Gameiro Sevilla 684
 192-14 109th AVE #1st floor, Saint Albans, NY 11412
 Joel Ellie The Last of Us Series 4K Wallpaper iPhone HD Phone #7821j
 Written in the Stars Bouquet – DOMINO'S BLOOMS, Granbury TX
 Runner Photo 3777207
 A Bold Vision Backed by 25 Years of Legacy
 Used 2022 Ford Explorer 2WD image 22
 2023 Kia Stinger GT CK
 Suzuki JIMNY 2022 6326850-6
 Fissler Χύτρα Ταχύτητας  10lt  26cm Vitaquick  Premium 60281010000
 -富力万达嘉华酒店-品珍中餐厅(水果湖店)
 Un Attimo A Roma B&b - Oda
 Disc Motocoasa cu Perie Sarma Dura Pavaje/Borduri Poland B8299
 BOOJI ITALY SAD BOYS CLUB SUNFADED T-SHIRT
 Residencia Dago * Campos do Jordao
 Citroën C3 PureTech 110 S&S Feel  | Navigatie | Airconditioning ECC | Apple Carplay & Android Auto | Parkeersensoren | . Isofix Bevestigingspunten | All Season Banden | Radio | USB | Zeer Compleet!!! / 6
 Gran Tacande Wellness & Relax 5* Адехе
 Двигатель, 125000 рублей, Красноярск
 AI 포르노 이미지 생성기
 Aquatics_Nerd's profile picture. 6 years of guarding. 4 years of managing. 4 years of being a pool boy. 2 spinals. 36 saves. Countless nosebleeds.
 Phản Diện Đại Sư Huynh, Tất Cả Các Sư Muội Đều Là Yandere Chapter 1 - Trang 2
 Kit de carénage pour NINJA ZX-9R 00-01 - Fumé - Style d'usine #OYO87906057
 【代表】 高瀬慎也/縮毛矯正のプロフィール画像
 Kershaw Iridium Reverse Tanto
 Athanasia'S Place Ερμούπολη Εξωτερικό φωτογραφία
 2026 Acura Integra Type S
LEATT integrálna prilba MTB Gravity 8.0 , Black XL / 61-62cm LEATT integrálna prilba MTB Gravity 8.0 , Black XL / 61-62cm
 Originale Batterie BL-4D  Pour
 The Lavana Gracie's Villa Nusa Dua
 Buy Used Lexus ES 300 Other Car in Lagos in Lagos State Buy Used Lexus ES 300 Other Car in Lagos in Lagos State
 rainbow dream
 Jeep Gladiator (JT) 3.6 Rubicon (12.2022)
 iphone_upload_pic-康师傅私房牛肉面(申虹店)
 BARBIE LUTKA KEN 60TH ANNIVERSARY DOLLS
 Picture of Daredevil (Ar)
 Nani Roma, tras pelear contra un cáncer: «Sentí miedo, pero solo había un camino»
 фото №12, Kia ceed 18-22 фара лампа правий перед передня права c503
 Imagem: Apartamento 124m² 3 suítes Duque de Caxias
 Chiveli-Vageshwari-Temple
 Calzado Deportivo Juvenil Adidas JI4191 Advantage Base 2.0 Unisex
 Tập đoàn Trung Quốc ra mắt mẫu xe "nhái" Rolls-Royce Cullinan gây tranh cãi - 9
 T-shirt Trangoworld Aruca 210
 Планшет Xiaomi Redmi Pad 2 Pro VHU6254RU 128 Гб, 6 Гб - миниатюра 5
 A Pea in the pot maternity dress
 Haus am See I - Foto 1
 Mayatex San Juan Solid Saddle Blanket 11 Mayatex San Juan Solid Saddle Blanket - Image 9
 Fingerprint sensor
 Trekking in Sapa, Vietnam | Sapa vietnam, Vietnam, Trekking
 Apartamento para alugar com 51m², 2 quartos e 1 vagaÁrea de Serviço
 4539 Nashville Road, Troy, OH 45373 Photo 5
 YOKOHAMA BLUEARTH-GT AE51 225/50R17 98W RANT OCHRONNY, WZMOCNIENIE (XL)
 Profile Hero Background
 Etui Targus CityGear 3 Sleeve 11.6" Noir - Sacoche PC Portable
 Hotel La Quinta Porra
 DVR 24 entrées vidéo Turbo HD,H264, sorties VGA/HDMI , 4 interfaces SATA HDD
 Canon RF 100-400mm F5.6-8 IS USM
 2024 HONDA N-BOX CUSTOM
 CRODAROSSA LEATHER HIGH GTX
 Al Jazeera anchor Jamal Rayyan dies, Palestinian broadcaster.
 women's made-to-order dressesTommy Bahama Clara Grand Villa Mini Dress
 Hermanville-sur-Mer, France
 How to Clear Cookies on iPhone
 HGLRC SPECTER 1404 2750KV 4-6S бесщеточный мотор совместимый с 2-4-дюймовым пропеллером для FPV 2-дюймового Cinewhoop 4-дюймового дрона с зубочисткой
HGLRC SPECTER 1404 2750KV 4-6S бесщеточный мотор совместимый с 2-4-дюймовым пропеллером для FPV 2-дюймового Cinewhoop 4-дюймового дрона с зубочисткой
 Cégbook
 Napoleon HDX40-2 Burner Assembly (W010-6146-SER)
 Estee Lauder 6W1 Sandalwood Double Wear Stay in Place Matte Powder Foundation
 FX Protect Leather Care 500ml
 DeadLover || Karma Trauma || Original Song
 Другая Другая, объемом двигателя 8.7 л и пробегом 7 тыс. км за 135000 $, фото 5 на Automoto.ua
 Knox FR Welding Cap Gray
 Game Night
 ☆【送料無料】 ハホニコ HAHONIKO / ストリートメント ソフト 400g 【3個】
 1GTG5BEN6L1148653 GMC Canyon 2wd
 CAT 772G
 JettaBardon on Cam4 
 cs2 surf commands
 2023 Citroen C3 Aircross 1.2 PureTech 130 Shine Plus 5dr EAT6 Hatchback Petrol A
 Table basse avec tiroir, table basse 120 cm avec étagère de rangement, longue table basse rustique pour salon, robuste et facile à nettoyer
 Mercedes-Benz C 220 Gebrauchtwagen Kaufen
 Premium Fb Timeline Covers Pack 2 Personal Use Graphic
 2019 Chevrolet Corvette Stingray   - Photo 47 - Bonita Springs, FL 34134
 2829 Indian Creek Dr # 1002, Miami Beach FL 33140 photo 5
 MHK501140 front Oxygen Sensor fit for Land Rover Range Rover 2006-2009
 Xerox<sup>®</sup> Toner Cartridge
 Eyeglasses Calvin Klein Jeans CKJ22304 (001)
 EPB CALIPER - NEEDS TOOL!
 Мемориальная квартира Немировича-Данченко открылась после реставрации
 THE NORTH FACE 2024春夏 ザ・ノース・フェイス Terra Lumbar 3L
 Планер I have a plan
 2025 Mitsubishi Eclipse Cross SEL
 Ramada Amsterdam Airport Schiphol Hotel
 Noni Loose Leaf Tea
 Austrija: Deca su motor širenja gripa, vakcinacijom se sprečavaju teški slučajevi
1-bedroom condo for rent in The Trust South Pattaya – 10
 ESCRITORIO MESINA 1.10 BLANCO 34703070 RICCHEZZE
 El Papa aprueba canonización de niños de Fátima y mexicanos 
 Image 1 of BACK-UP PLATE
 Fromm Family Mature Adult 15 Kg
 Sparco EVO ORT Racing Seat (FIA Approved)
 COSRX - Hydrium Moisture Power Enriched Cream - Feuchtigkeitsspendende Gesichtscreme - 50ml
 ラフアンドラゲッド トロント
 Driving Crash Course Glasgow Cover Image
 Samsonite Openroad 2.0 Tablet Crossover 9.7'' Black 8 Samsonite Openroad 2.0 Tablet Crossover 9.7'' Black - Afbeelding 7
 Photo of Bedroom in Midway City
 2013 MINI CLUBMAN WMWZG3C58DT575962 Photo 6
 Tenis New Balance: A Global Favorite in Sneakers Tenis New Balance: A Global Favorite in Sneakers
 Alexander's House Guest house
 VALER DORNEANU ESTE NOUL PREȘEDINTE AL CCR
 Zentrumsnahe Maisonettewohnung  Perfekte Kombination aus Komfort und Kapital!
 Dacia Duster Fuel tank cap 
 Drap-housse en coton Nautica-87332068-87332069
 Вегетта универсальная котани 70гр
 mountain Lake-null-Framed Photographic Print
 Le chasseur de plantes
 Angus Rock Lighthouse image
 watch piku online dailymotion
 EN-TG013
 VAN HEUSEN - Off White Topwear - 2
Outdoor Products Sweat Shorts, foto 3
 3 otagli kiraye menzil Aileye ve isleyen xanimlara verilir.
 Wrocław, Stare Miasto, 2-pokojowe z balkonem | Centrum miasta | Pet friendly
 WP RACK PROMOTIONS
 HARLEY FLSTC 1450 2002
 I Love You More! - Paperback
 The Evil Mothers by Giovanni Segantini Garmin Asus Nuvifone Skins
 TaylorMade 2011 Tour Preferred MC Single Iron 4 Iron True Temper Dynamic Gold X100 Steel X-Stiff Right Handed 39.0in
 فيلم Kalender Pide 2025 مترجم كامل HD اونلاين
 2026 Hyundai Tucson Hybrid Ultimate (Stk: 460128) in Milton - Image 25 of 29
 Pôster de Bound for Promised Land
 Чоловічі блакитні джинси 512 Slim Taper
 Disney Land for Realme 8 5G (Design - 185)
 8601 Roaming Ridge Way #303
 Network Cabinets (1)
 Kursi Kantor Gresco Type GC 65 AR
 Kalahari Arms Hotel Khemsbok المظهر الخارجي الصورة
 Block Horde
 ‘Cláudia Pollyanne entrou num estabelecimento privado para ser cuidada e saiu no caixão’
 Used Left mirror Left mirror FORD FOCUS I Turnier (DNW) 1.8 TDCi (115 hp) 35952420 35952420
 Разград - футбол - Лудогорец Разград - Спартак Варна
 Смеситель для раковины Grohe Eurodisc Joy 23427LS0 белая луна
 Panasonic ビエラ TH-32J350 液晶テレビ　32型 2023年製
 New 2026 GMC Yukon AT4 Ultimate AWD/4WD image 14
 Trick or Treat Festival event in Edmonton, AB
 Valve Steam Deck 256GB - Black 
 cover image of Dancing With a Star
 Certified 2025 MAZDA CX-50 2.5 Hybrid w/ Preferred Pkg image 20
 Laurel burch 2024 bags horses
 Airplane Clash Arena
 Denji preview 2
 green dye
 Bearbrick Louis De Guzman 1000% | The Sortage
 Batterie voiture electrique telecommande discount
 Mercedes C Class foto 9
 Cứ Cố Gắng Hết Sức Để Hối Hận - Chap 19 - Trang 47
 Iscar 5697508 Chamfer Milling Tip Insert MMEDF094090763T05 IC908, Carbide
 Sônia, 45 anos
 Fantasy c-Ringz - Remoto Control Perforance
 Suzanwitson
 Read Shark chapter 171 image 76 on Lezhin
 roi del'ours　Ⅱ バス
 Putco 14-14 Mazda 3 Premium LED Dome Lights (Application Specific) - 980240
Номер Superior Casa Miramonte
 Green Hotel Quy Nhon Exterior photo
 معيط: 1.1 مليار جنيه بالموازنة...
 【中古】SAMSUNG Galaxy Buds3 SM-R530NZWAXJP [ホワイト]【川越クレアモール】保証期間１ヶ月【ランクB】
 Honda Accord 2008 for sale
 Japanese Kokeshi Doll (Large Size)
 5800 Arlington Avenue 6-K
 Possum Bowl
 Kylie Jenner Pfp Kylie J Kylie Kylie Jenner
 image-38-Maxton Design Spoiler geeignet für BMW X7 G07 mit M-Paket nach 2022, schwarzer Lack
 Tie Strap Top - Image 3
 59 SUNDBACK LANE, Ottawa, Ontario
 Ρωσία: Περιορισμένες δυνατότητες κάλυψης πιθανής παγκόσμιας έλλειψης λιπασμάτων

- - -

TASK STATEMENT. Everything above from the line with "Athanasia'S Place Ερμούπολη" to the line with "The Lavana Gracie's Villa Nusa Dua", both included, must be repeated exactly, and nothing outside that range.

RESPONSE TO THE TASK.
 Athanasia'S Place Ερμούπολη Εξωτερικό φωτογραφία
 2026 Acura Integra Type S
LEATT integrálna prilba MTB Gravity 8.0 , Black XL / 61-62cm LEATT integrálna prilba MTB Gravity 8.0 , Black XL / 61-62cm
 Originale Batterie BL-4D  Pour
 The Lavana Gracie's Villa Nusa Dua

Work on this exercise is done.